Earlier this month, President Donald Trump issued an executive order to keep undocumented immigrant families together. It came after weeks of criticism over his administration’s “zero tolerance” policy, which led to the separation of families at the southern border, according to an earlier Cronkite News article.

His executive order did not reverse the zero-tolerance policy, and adults caught at the border will still be referred for criminal prosecution or held while their asylum claims are assessed.

But reuniting families separated at the border has proven complicated.

In fact, the CEO of Southwest Key, which operates programs in seven states, has waded into the family separation issue.

In a tweet Wednesday, the nonprofit said: “The chief executive of the nation’s largest shelters for migrant children said Tuesday he fears a lack of urgency by the U.S. government could mean it will take months to reunite thousands of immigrant children with their parents.”

After the motorcade arrived at the shelter, a security detail escorted the first lady through the back entrance. She stayed for about 45 minutes and did not address the protesters and news media outside.

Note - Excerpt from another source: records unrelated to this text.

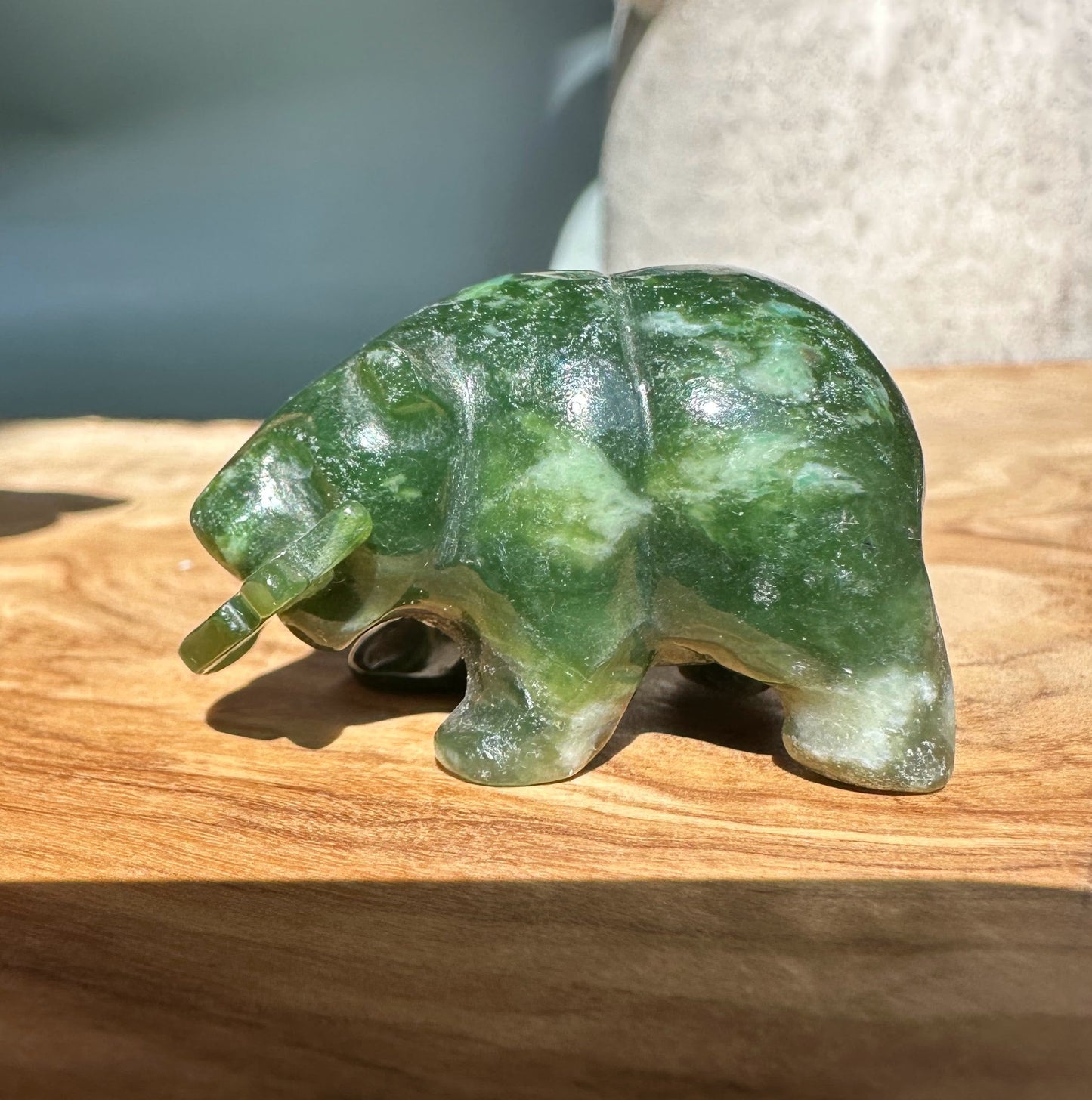 Bear Special with Jade Fish — 1.25" Canadian Jade Figurine
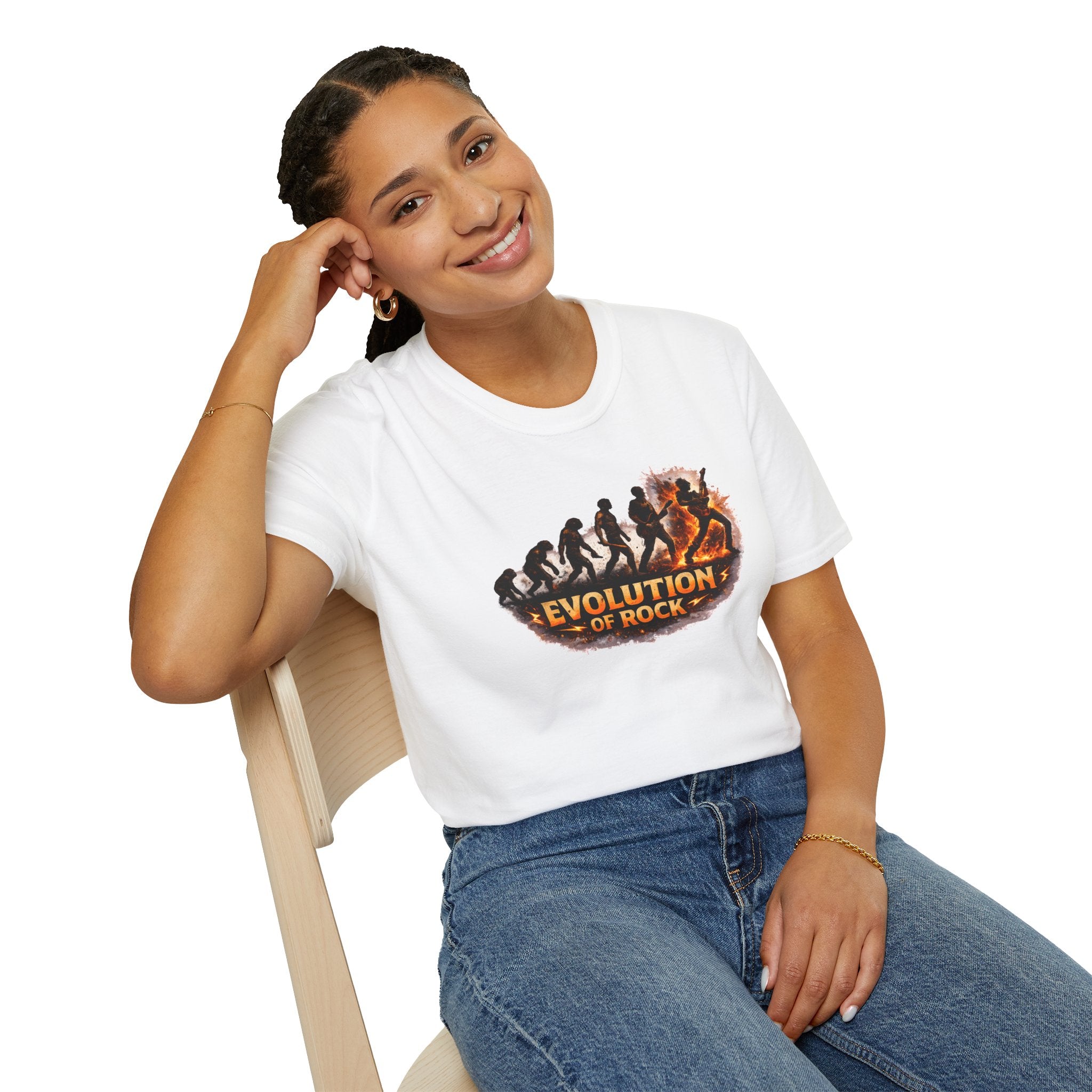 Person wearing a white t-shirt with 'Evolution of Rock' design, sitting on a chair.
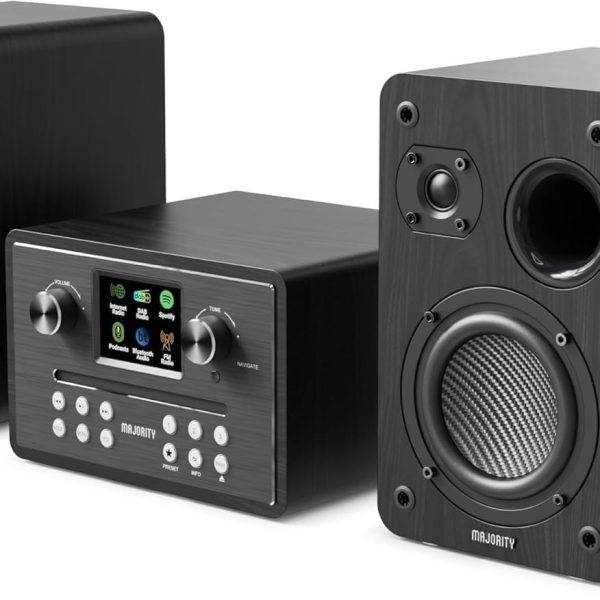 Majority HOMERTON Mini HiFi System with 2x60W Speakers, CD Player, Internet Radio, Bluetooth, FM Radio, USB Play & Charge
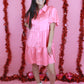 Coral satin dress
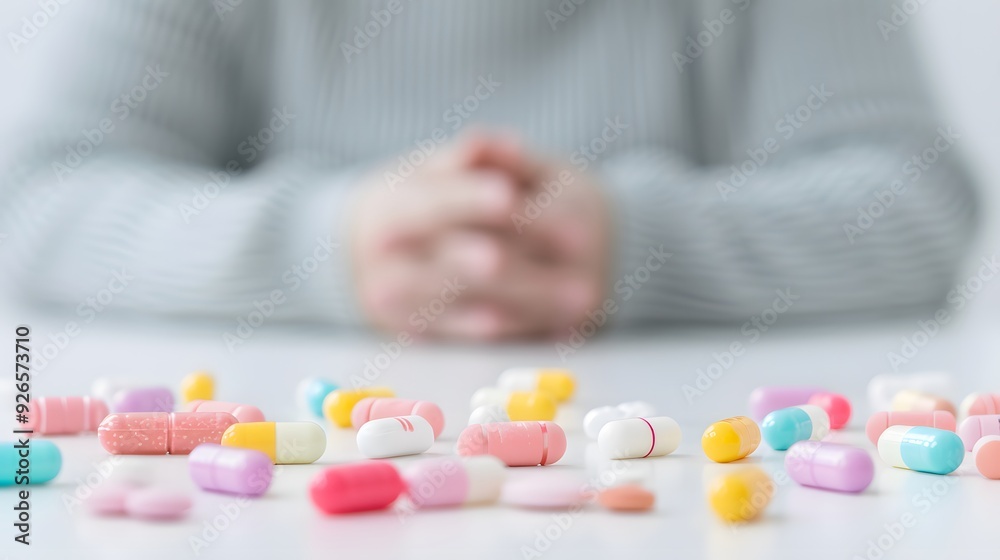 man with scattered drugs on table man with scattered drugs on table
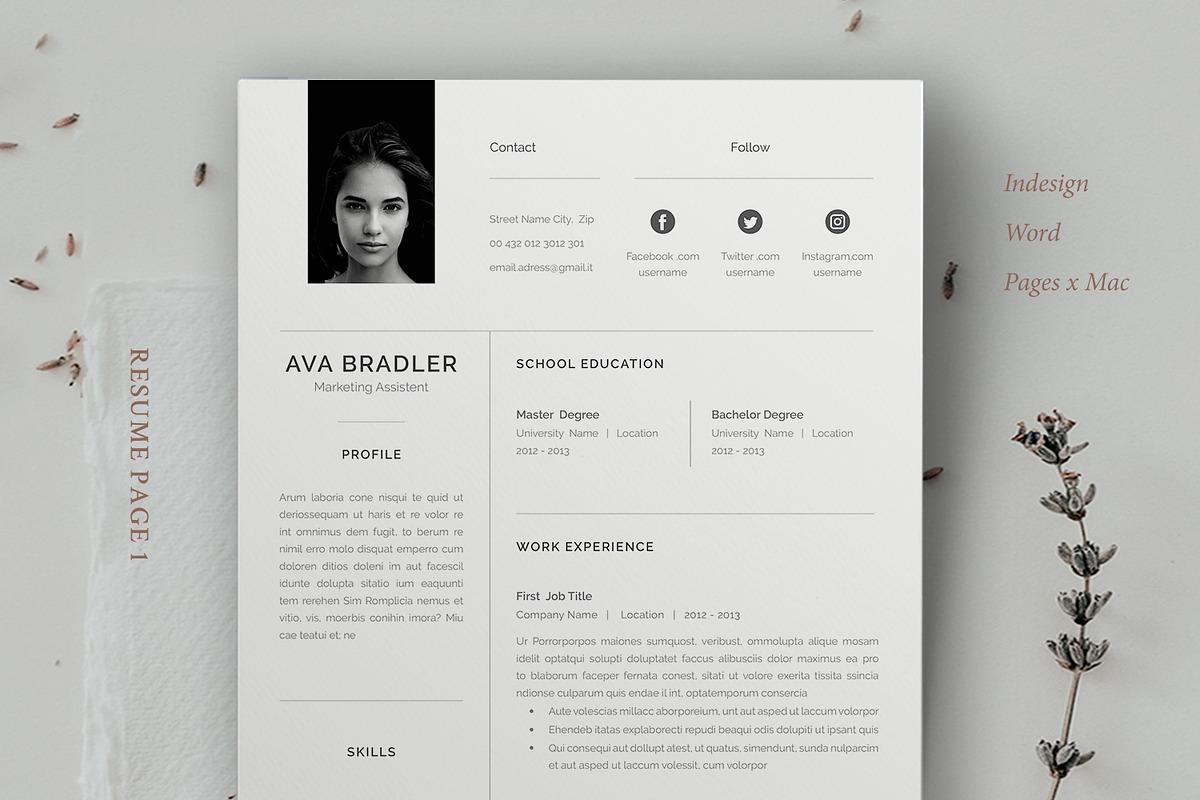 Resume / Cv / Ava in Resume Templates - product preview 8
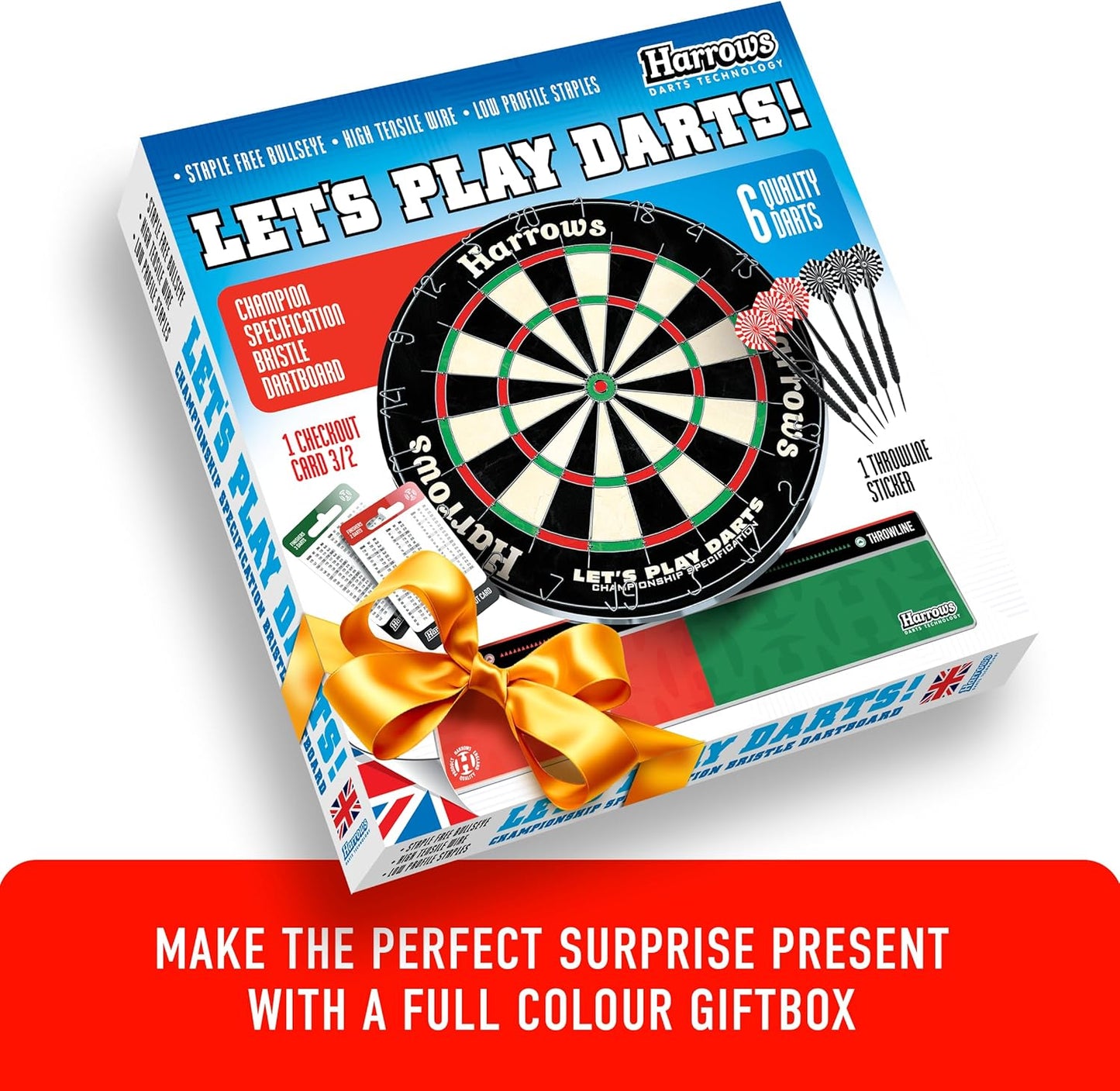 Dart Board Let’S Play Set, Dartboard Official Size I Contains 6 Darts I Compatible with Dart Board Stand, Lighting and Cabinet I 6 Darts Set with Board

The protesters chanted in English and Spanish: “Hey, hey, ho, ho, Melania Trump has got to go” as her motorcade arrived at the facility. Demonstrators came with coolers of water and a large awning erected next to the inflatable.

Melania Trump held a roundtable discussion with facility staff and visited three rooms at the shelter, where she spoke to children. She told the workers she was “here to support you,” according to the Associated Press.

The facility, near 27th Avenue and Indian School Road, houses more than 100 children from infants to age 17.